When her high school bio-tech teacher suggested she study engineering in college, Docquin began making plans.
She will attend the University of Oklahoma in the fall and plans to major in chemical engineering.
Mid-Del's Director of Secondary Teaching and Learning, Silvya Kirk, said through NMSI educational progress is being made.
“John F. Kennedy said something like, ‘You can judge the progress of a nation based on the progress of its education,'” she said. “The numbers show that progress is being made here.”
Kirk first wrote the grant to attain funding in 2010 when she served as principal for Carl Albert High School.
After the grant was approved for Carl Albert, all other Mid-Del schools began participating. Lawton public schools soon followed.

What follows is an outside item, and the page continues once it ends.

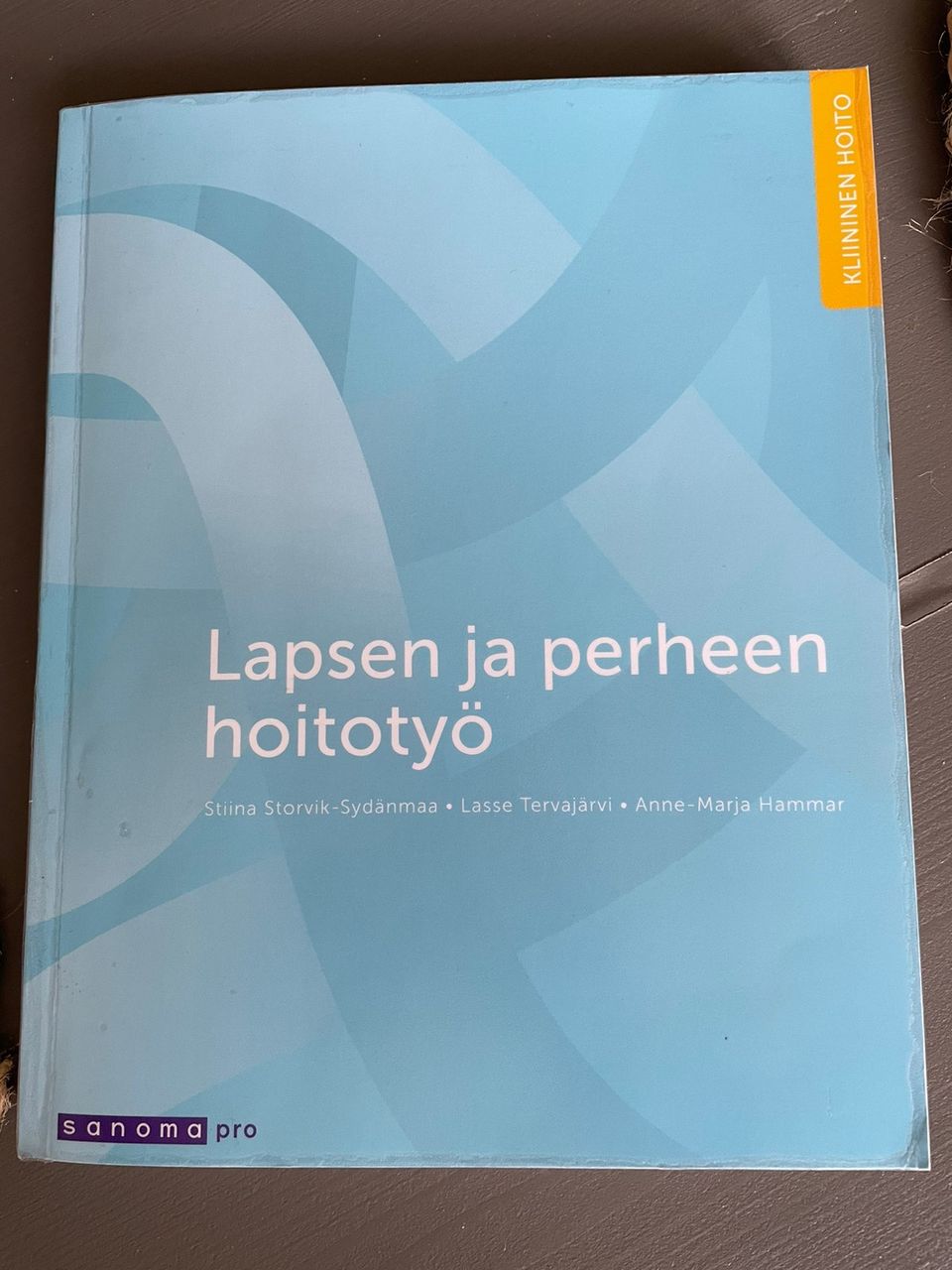 Lapsen ja perheen hoitotyö - oppikirja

“What's really amazing now is that we are starting to prepare students for AP classes when they are in third grade. We're changing the way that we teach the curriculum so that the classes build upon each other.”
The result, Fleury said, is an abundance of students finding interests in advanced classes, graduating with the knowledge needed to compete on an international level and thereby strengthening their local communities and the overall economy for years to come.
Kirk said one aspect of NMSI is positive reinforcement. Each student who passes an advanced placement test in a course associated with NMSI receives $100.
Fleury said when students are exposed to advanced training and education, they begin to believe they can succeed in AP classes.